In this example, the splitter is used to count the number of tokens in a given text. This is useful for understanding how text is tokenized and ensuring that it fits within model constraints.

In [None]:
# Count tokens in the text
token_count = splitter.count_tokens(text=text)
print(f"Token count: {token_count}")

### **Example 3: Splitting Documents**

This example showcases how to split multiple documents using the `SentenceTransformersTokenTextSplitter`. It processes a list of sample documents, splits each based on tokenization, and prints the content of each resulting split document.

In [None]:
from langchain_core.documents import Document

# Sample documents
documents = [
    Document(page_content="This is the first document."),
    Document(page_content="This is the second document.")
]

# Split the documents
split_docs = splitter.split_documents(documents)

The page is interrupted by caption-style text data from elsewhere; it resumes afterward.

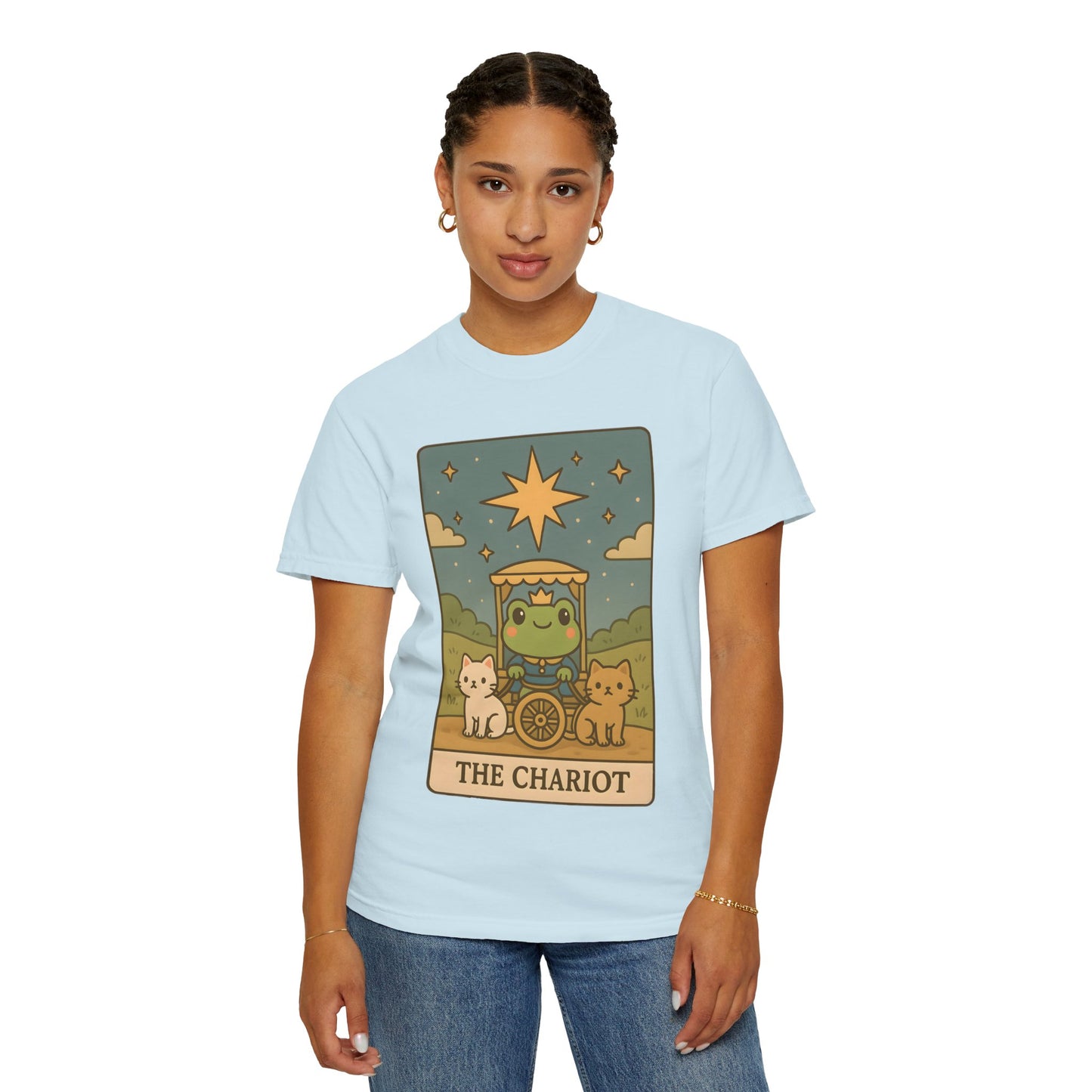 Cute Tarotoads "The Chariot" Unisex T-Shirt | Great for Halloween, Warm And Cozy, Great Gift Idea, Astrology Apparel, Unique Tarot Graphic T-Shirt, Good For Cold Weather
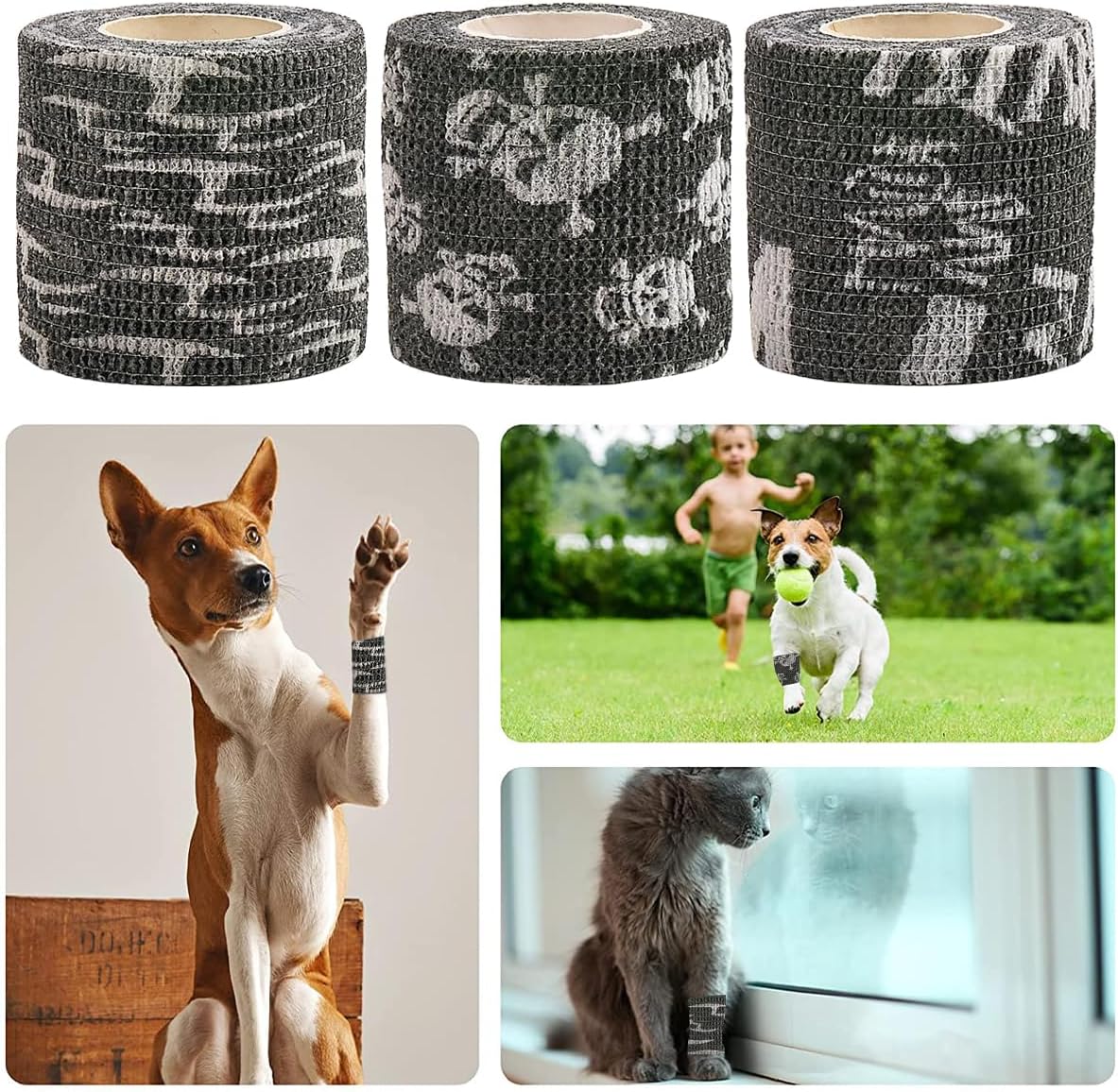 6 Rolls Self-Adhesive Bandage Wrap Grip Tape Wrap Cover Tattoo Cohesive Elastic Bandage for Tattoo Machine and Animals Wounds Wrist Healing Sprains & Swelling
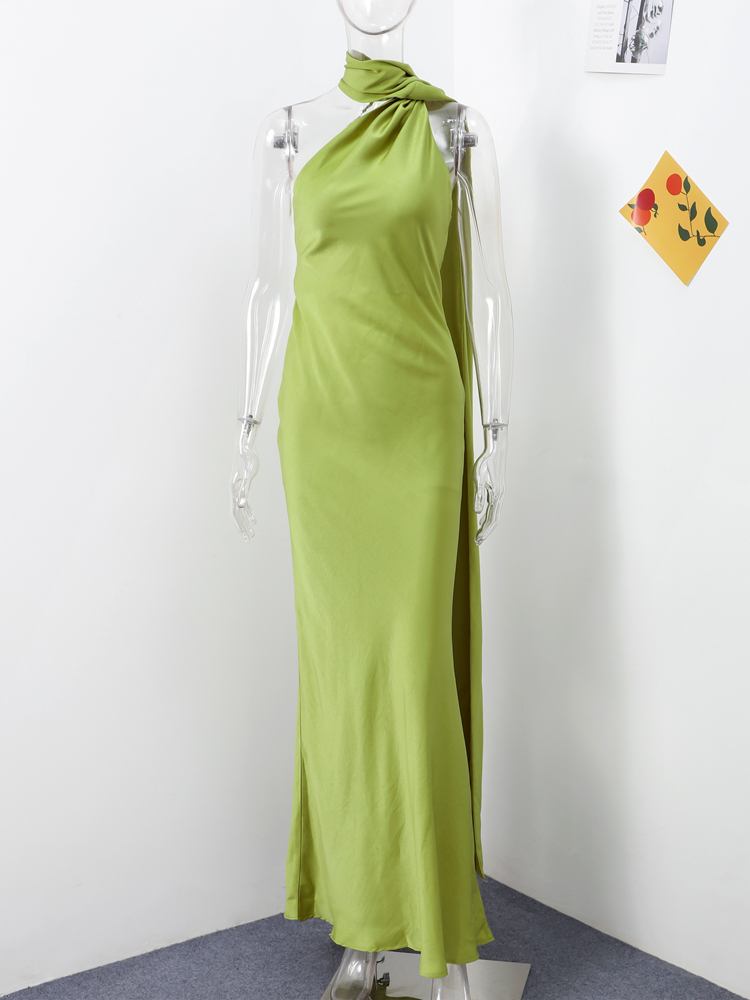 Robe élégante à col licou pour femmes, couleur unie, épaules dénudées, sans manches, dos nu, Slim, Maxi, Robes de soirée, été, automne, 2025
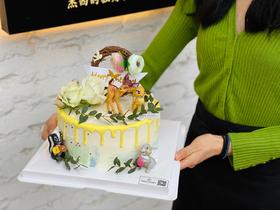 森林小动物小鹿斑比森系生日蛋糕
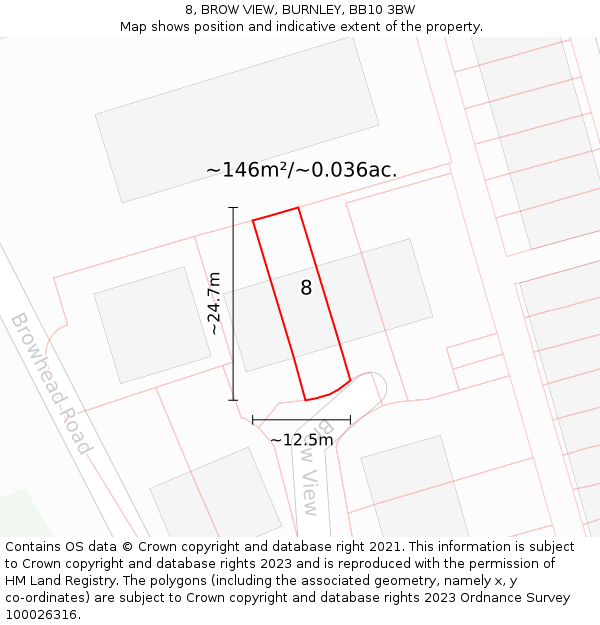 8, BROW VIEW, BURNLEY, BB10 3BW: Plot and title map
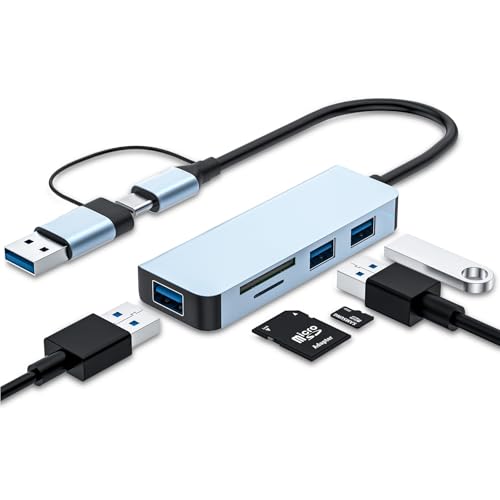 Extensor multipuerto USB C de aluminio premium con transferencia USB 3.0 y ranuras SD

# Output the split documents
for doc in split_docs:
    print(doc.page_content)

### **Example 4: Using a Custom Model**

Here, the splitter is initialized with a custom Sentence Transformers model. This allows for tokenization that aligns with the specific tokenizer of the chosen model, providing more accurate splits based on the model's token boundaries.

In [None]:
# Initialize the splitter with a custom Sentence Transformers model
splitter = SentenceTransformersTokenTextSplitter(
    model_name="sentence-transformers/paraphrase-MiniLM-L6-v2",
    tokens_per_chunk=50,
    chunk_overlap=10
)

# Split the text
chunks = splitter.split_text(text)

# Output the chunks with index
for index, chunk in enumerate(chunks):
    print(f"Chunk {index + 1}:\n{chunk}\n")

---

## **Conclusion**

Text splitting is a foundational step in many NLP and document processing workflows. The choice of the right tool depends on the nature of your data and the specific requirements of your task. 

- **`RecursiveCharacterTextSplitter`** is a versatile choice for general-purpose text splitting, offering flexibility in defining separators and chunk sizes.
- **`MarkdownHeaderTextSplitter`** excels at preserving the hierarchical structure of Markdown documents, making it ideal for processing structured content.
- **`SentenceTransformersTokenTextSplitter`** is tailored for token-based splitting, ensuring compatibility with Sentence Transformers models for tasks like embedding generation and semantic search.

By understanding the strengths and use cases of each class, you can make informed decisions and optimize your text-processing pipelines. Whether you’re working with plain text, Markdown, or tokenized data, these tools provide robust solutions for splitting text effectively.